TASK STATEMENT: Leaving out the pictures, print exactly the lines from the one holding "this 447×600 image." to the last line of the entries below, both included, and nothing more.

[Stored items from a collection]
______________________________
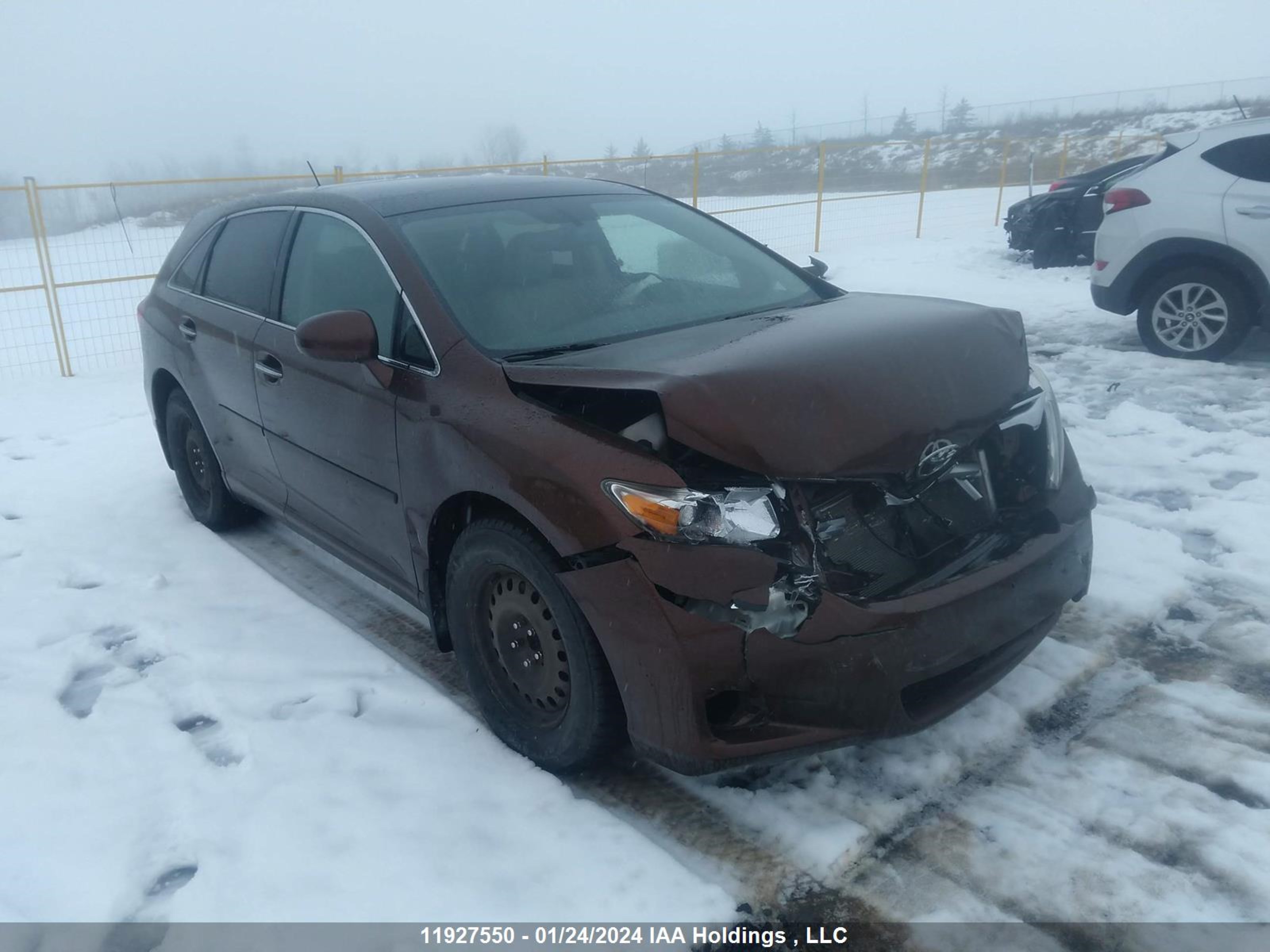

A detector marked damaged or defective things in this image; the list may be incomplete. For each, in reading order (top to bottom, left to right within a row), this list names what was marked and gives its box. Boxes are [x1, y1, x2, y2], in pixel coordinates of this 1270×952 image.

crumpled hood [498, 294, 1031, 480]
broken headlight [1026, 365, 1067, 487]
broken headlight [599, 485, 777, 543]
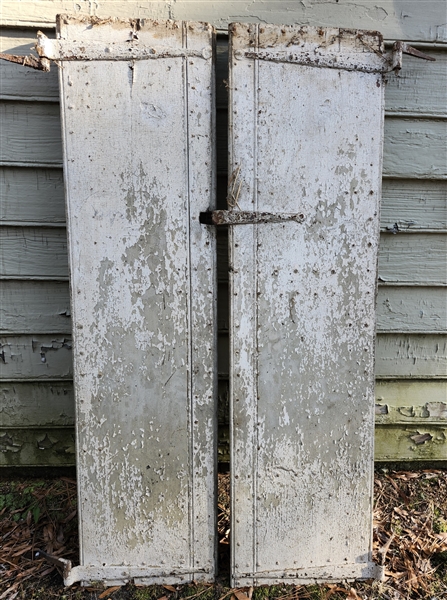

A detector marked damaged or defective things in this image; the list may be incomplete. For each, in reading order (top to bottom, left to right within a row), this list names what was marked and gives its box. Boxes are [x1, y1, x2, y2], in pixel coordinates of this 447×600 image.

rusty metal hardware [201, 207, 306, 224]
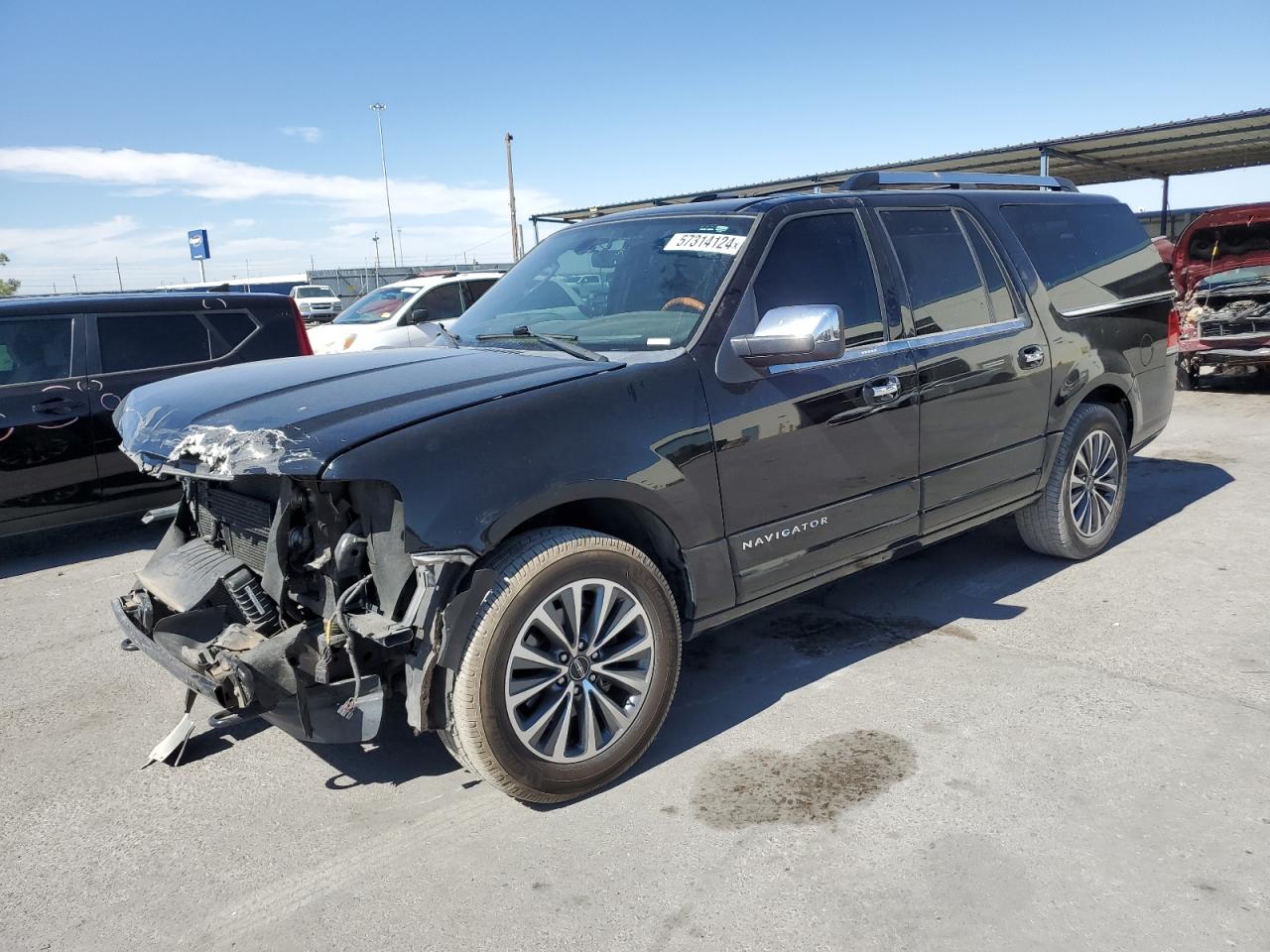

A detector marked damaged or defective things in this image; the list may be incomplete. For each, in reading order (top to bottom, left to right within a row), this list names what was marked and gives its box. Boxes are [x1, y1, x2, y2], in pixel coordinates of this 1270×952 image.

crumpled hood [114, 345, 619, 476]
front-end collision damage [113, 472, 480, 746]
______________________________
TASK RESULT:
A detector marked damaged or defective things in this image; the list may be incomplete. For each, in reading order (top to bottom, left to right within a row), this list names what was marked and gives its box. Boxes are [x1, y1, x2, y2], in pixel coordinates of this 447×600 image.

rusty metal hardware [201, 207, 306, 224]

A detector marked damaged or defective things in this image; the list may be incomplete. For each, in reading order (top to bottom, left to right within a row), this list names what was marked and gives its box. Boxes are [x1, y1, x2, y2], in pixel coordinates of this 1270×952 image.

crumpled hood [114, 345, 619, 476]
front-end collision damage [113, 472, 480, 746]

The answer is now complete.